First of all, the event was held in a gorgeous room, the River Room, taller than it was broad or deep (though no dimension was insignificant), with a magnificent view of the Thames. The acoustics were brilliant—if you were singing plainchant. Given that I was planning a dramatic reading of the beginning of Hild, which unfurls quietly and wouldn’t benefit from reverb, I used a microphone. The audio was almost wholly academic, a mix of storied Professors, working archaeologists, historians, and students of every stripe, with a smattering of readers from other walks of life.
It was SRO with lots of people having to sit on the floor at the front.
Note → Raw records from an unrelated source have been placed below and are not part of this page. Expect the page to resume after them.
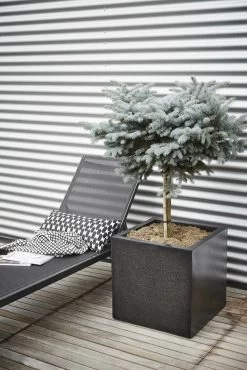 Capi Plantenbak Vierkant Lux Terrazo - L80 X B80 X H80cm - Zwart -Groen Decor Verkoop pot vierkant 80x80x80 zwart plantenbak 7 8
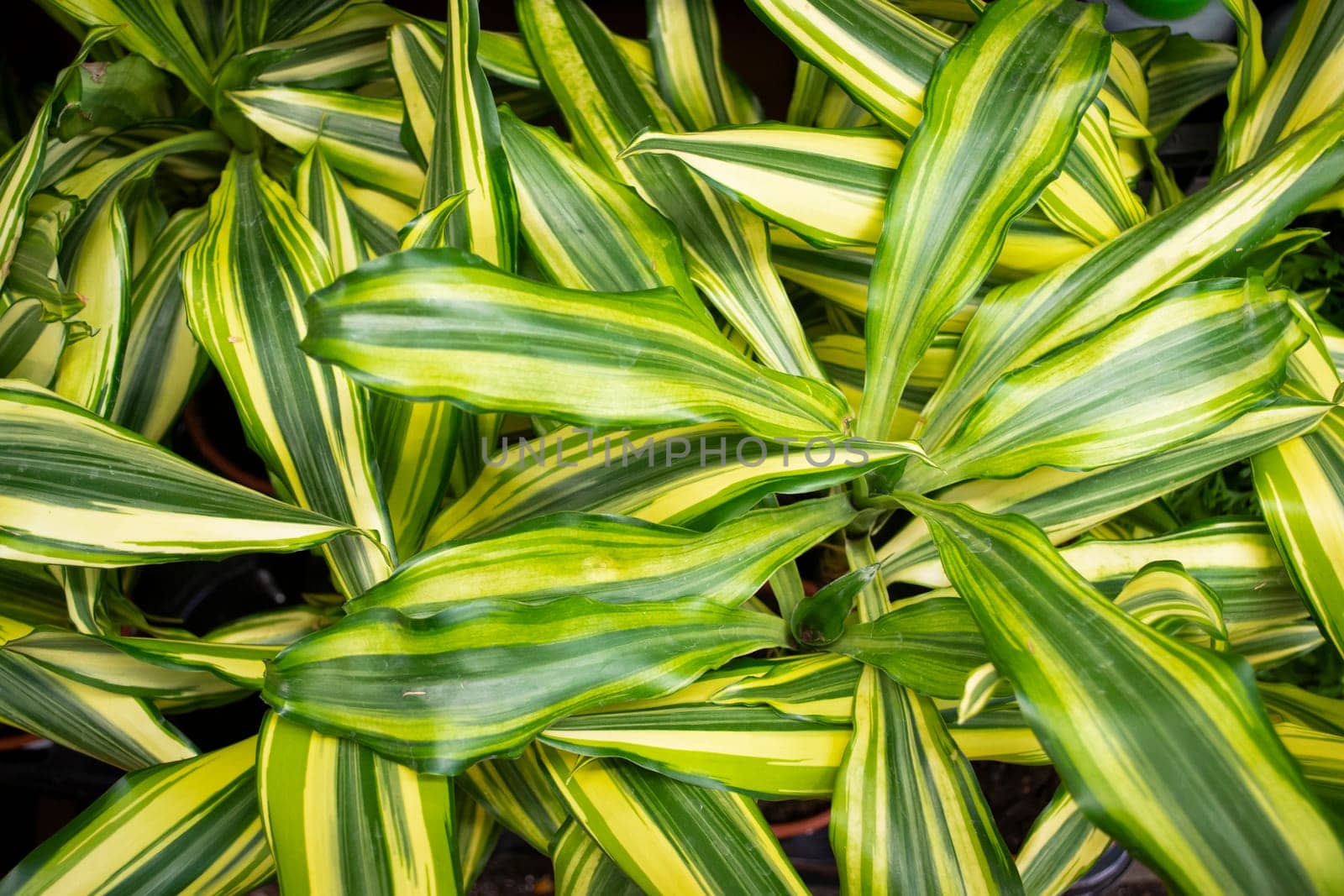 Dracaena deremensis Lemon Surprise Lemon Lime, dracaena background close up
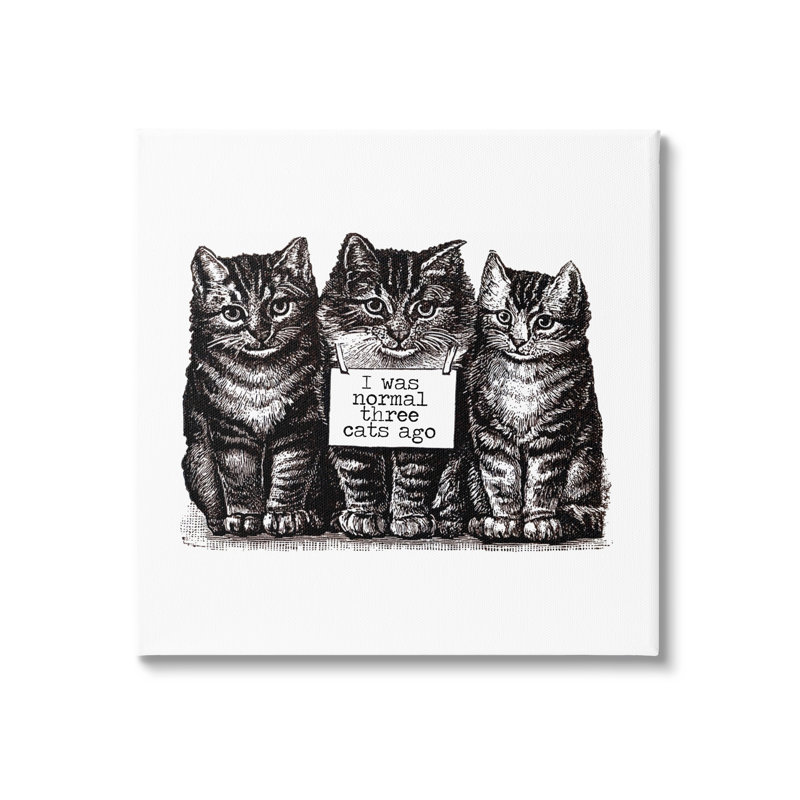 Signe normal normal de trois chats par Amy Brinkman, L 17 po x H 17 po, Toile tendue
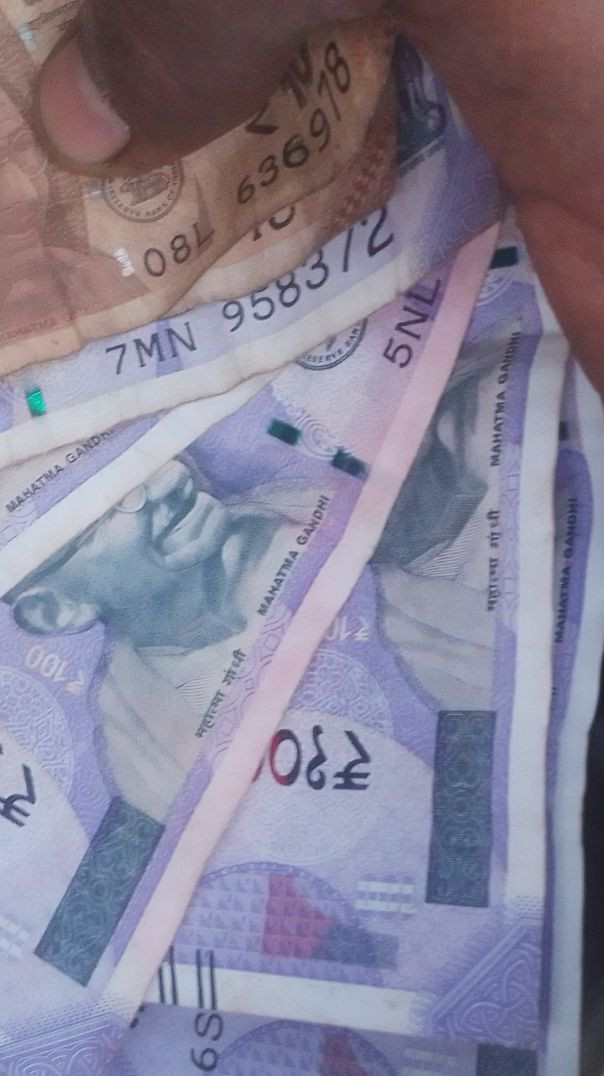 Palak selling in market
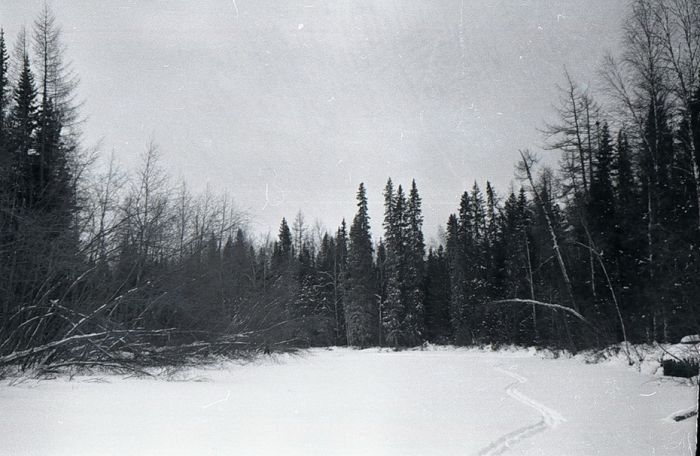 Гибель группы Дятлова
Clare introduced me, then I read, then we talked about a few things—Bede’s agenda, for example—then I answered questions. These were mostly about Hild, but also my research, my writing, and (the inevitable) When’s the next one?! Then I signed books.
I was there about two hours (there was wine…) then there was a truly marvellous dinner for about ten people. Or maybe it was eight (I’d been talking for about five hours; I was not keeping track of details). The conversation ranged from the cost of education, to politics, to gender and power, to Mandeville’s Travels. It was everything I’d hoped for. A truly wonderful evening. I can’t wait to do it again.
The next day, we went across the city to Queen Mary University London. QMUL a very different venue from King’s, much more recent (Edwardian) and with a different focus. But I enjoyed it just as much. Instead of a huge room with sweeping views, I was in an intimate (seating for 30) cinema with bright pink seats on a serious rake. I sat on a comfy sofa, beer in hand, and chatted with Matt Jacobsen (who organised everything perfectly) about Hild, and Aud, and Ammonite, and more. The audience were students: film students, creative writing students, history students. I had a great time. I felt as though I could really help some of them with issues they were wrestling with.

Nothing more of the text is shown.